Tampoco supe que, cuando mi padre me entregó “Solo”, un relato tremendo de
Armando Palacios Valdés, que me hizo llorar, me iba a marcar de por vida y no
imaginé que al llevarme a ver el Museo del Prado, aquello era una visita
cultural. Él me guiaba cogido de su mano, pero nunca dio importancia a lo que
hacíamos ni me habló de “cultura”. Por supuesto, tampoco me dijo al entregarme
un tomo encuadernado, con cincuenta ejemplares de “Blanco y Negro”, para que lo
ojeara, que allí había información de España, de Europa, del mundo y que podía
aprender… Eran cosas que me gustaban, con las que me entretenía, pero a las que
no le daba mas importancia que a otras, como correr por las eras, subir a los
árboles para ver nidos, jugar a “toro visto”, al fútbol o al “palo y la
billarda”.
Jugar era divertido y leer para mi era un juego porque soltaba mi
imaginación, me hacía protagonista de historias fantásticas y, sobre todo,
porque me señalaron el libro, pero jamás me obligaron a acercarme a el. Un día
mi abuela me entregó un librito, “Dafnis y Cloe”, que conservaba de mi abuelo,
escrito por un señor que se llamaba Longo y que despertó mi interés por el
erotismo y me hizo pasar por el confesionario por los “malos pensamientos” que
me surgieron. Tenía doce años. Qué sorpresa cuando, muchos años después, me
enteré de que Longo era un escritor griego del siglo II. Por supuesto para mi
aquello tampoco tenía nada que ver con la cultura, porque no podía ser cultura
algo tan placentero, que ayudaba a imaginar otros mundos y divertía al mismo
tiempo. Nadie me había dicho nada, pero yo asociaba “la cultura” con algo
amuermante, tedioso, propio de gente aburrida y vieja, incapaces de sonreír.

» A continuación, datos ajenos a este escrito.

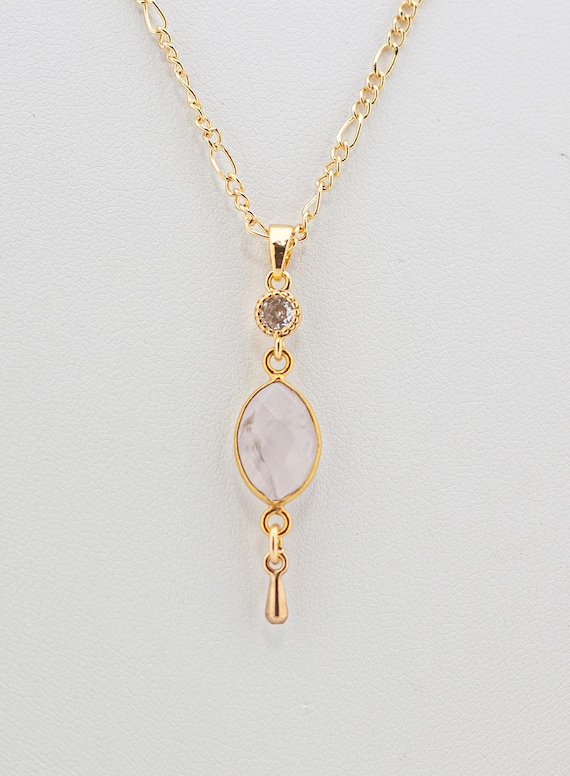 Rose Quartz Crystal Bridal Necklace, Dainty Vintage Style Pink Gemstone Necklace, Boho Wedding Jewelry, Bridal & Bridesmaid Accessories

Después de Palacios Valdés y de Longo, se incorporaron Calderón, Lope de Vega,
Tirso de Molina, Zorrilla, Bécquer, Machado, Lorca… ¡Yo no sabía que estaba
leyendo a los que después estudié como “clásicos”! ¡Qué bien me lo pasé leyendo
la historia de un majarón que se peleaba con molinos, escrita por un señor que
se llamaba Cervantes! ¿Eso era cultura? Ni de lejos imagine semejante cosa.

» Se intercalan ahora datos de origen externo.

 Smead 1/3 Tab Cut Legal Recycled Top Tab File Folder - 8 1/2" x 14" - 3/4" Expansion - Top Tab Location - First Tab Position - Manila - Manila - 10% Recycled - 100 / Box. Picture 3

¡Sorpresa, cuando me enteré de
que, entre toda esa gente rara, que escribían cosas increíbles con las que me
divertía, también había extremeños! Chamizo, Espronceda, Antonio Reyes
Huertas, Carolina Coronado, Felipe
Trigo… ¿Y por qué yo no? Con catorce años encontré en un cajón del doblado de
mi abuela “La serrana de la Vera”, un romance fuerte, cargado de erotismo y
sensualidad, que leí muchas veces, casi hasta memorizarlo. Sobre la historia yo
hice una versión muy particular, que fue lo primero que escribí, para mi
desgracia. Aquello fue tremendo y me ponía directamente en las puertas del
infierno, por lo que en confesión se lo conté a don José, el cura de mi pueblo.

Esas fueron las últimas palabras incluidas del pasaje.